From the first line of the records below through the line with "Actual product image", output each line exactly; skip the pictures.

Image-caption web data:
---------------

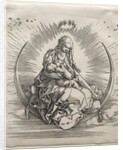 The Virgin on a Crescent, c. 1510-1511 by Albrecht Dürer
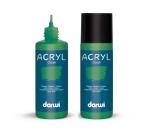 Darwi Flacon de 80 ml de Peinture Acrylique Universelle Opaque - Kaki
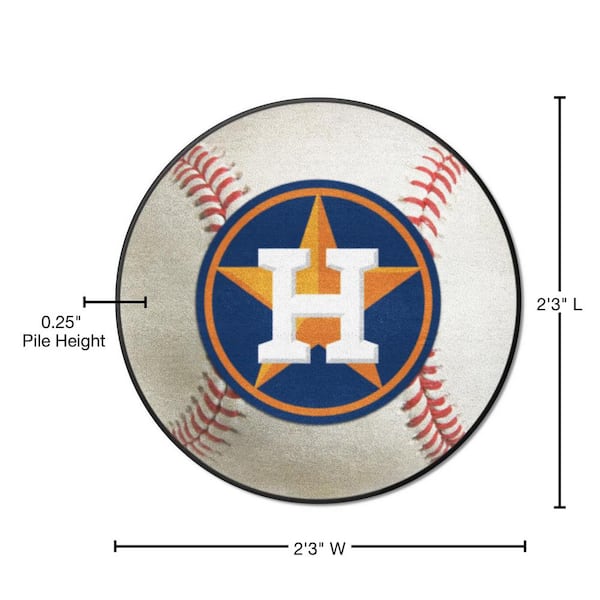 White Astros Logo 
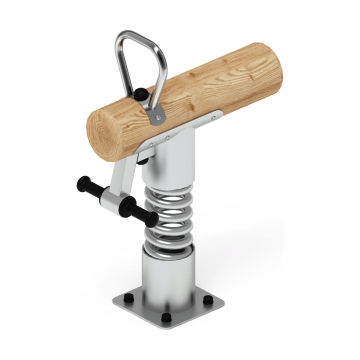 Качалка на пружине (Лиственница) ИО 22.24.03-Л.И1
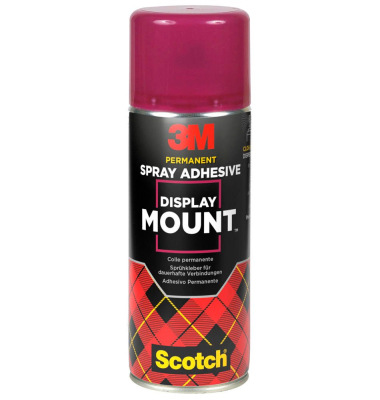 Sprühkleber Display Mount rot  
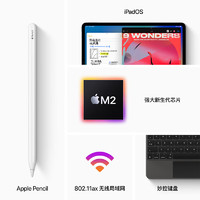 Apple 苹果 iPad Pro 12.9 2022款M2芯片 平板电脑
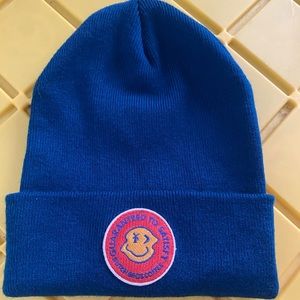 Blue Dutch bros beanie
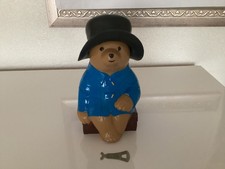 Vintage Paddington Bear Money Box – C&G Building Society incl Hat and Key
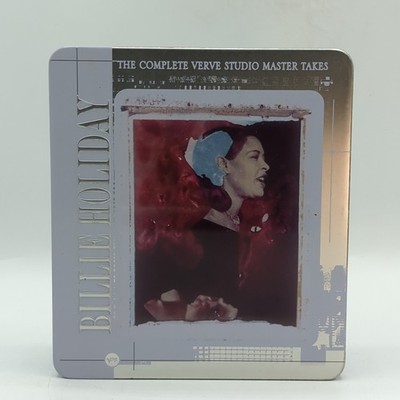 Billie Holiday   The Complete Verve Studio Master Takes 6 CD Set Metallic Box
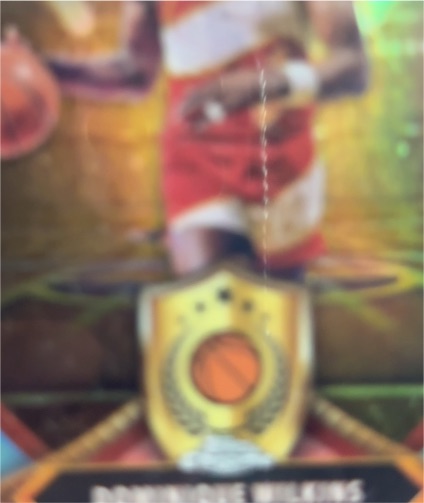 Dominique Wilkins Basketball Card — front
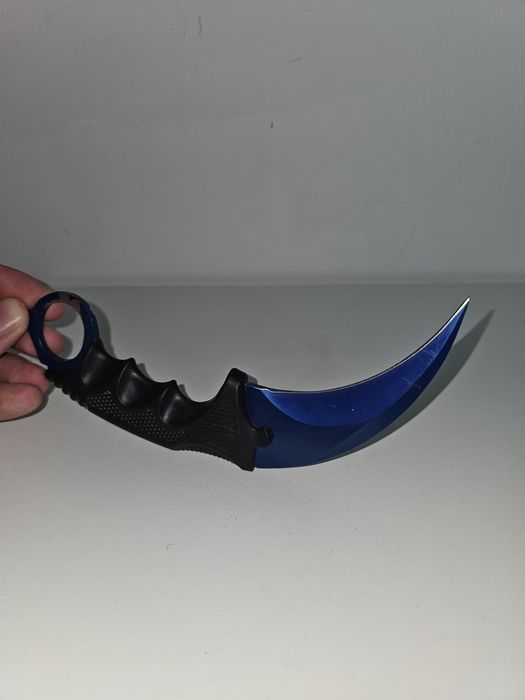 Vand Karambit Albastru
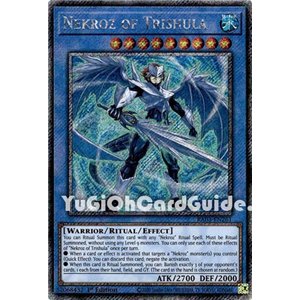 Nekroz of Trishula (Quarter Century Secret Rare)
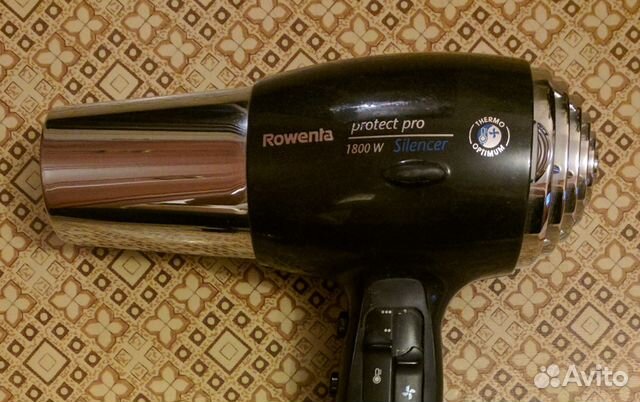 Фен Rowenta Silencer
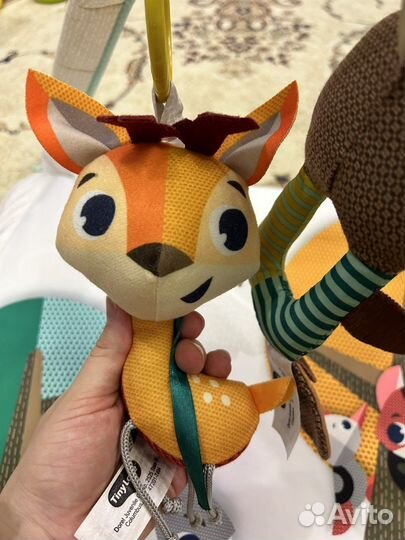 Развивающий коврик tiny love сказочный лес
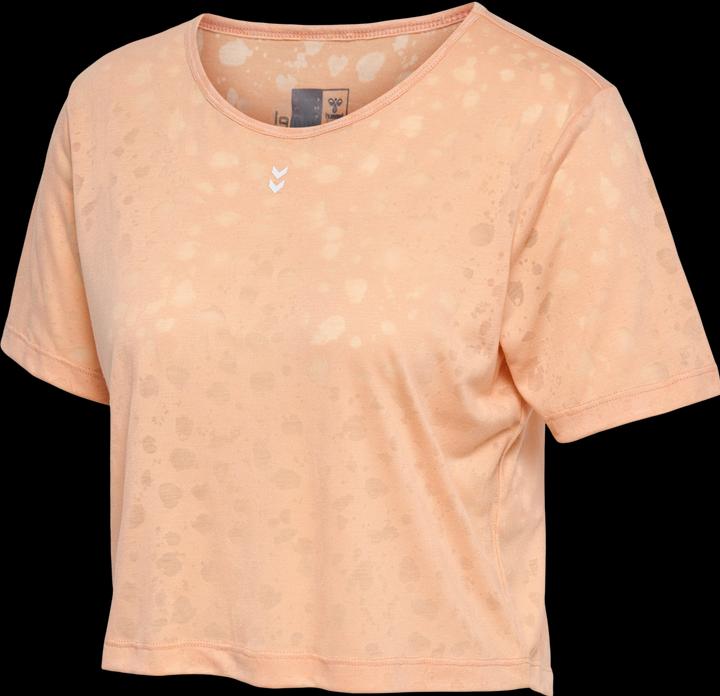 Actual product image hummel Hmlmt Iris Burnout Crop T-Shirt (L)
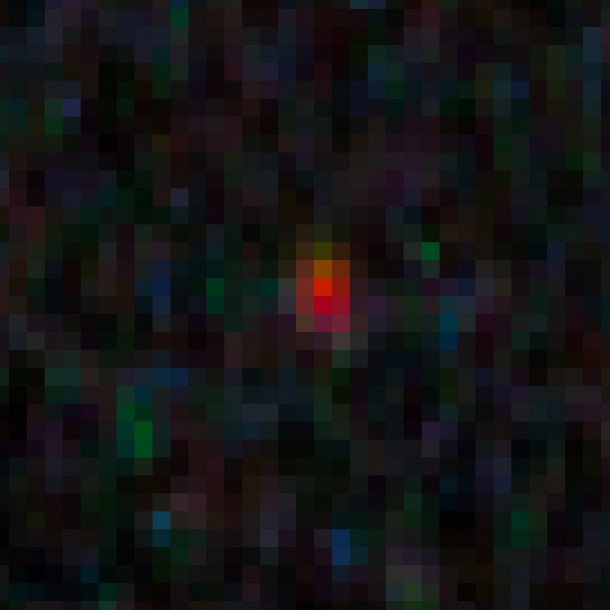GN-z10-3. Credit: NASA, ESA, G. Illingworth (University of California, Santa Cruz), P. Oesch (University of California, Santa Cruz; Yale University), R. Bouwens and I. Labbé (Leiden University), and the Science Team GN-z10-3. Credit: NASA, ESA, G. Illingworth (University of California, Santa Cruz), P. Oesch (University of California, Santa Cruz; Yale University), R. Bouwens and I. Labbé (Leiden University), and the Science Team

---------------

▸ **Task answer**:
 The Virgin on a Crescent, c. 1510-1511 by Albrecht Dürer
 Darwi Flacon de 80 ml de Peinture Acrylique Universelle Opaque - Kaki
 White Astros Logo 
 Качалка на пружине (Лиственница) ИО 22.24.03-Л.И1
 Sprühkleber Display Mount rot  
 Apple 苹果 iPad Pro 12.9 2022款M2芯片 平板电脑
 Blue Dutch bros beanie
 Vintage Paddington Bear Money Box – C&G Building Society incl Hat and Key
 Billie Holiday   The Complete Verve Studio Master Takes 6 CD Set Metallic Box
 Dominique Wilkins Basketball Card — front
 Vand Karambit Albastru
 Nekroz of Trishula (Quarter Century Secret Rare)
 Фен Rowenta Silencer
 Развивающий коврик tiny love сказочный лес
 Actual product image hummel Hmlmt Iris Burnout Crop T-Shirt (L)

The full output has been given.